Trump may have to wait until 2026 before he can make changes to the Federal Reserve Board, where he would have an opportunity to appoint a new governor in January and a new chair in May of that year. This delay is due to the terms of the current members, as several positions on the Fed’s Board of Governors will open during Trump’s four years in office.
Presidents can appoint new members to the Federal Reserve Board once a governor’s 14-year term expires, subject to approval by the Senate. Two of the seven current members are nominees from Trump’s first term: Govs. Michelle Bowman and Christopher Waller. The rest of the voters in the Federal Reserve Open Markets Committee (FOMC) are a rotating slate of regional bank presidents, who are hired by the individual banks themselves and then approved by the Board of Governors.
“The biggest way the president could influence the Fed is through his appointments to the Federal Reserve Board,” Wells Fargo chief economist Jay Bryson said in a briefing before the election. “But if it were seen as a real crony or just a political sort of appointment, my sense is that there’s still enough institutional sort of senators there that may not vote to be able to do that.”

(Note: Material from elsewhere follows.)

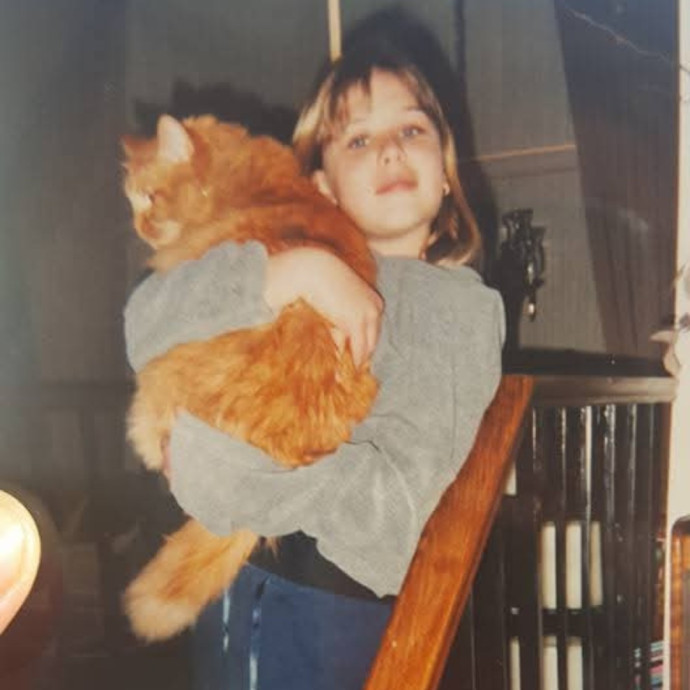 Soft  Skilled- Sensitive Cats Welcome photo 3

Gov. Adriana Kugler’s term expires in January 2026. Kugler completed the term originally held by Lael Brainard, who resigned from the Fed to serve as director of President Joe Biden’s National Economic Council. Since Kugler assumed an unfinished term, she could be reappointed and serve a full 14 years. Trump’s next opportunity to influence the Federal Reserve is also likely his most important: shifting the leadership. Chair and vice-chair terms are shorter than a member’s full governor term, so those positions often need appointing before a governor rolls off the board.
For example, Jerome Powell’s term as chair of the Federal Reserve ends in May 2026. However, his term on the board lasts through 2028.
It has been 76 years since a chairperson has finished their full term after their chairmanship expired.
“I would just say I will certainly serve to the end of my chair term, and that’s really all I’ve decided,” Powell said at an event in November in Dallas.
Trump will also have opportunities to affect policy when Fed Vice Chair Michael Barr’s four-year leadership term expires in July 2026 and Gov. Phillip Jefferson’s term as vice chair ends in September 2027.
Even if the positions’ current occupants stay on the board to complete their terms as governors, their successors in leadership could be influential in setting the direction of monetary policy and expressing it to the public.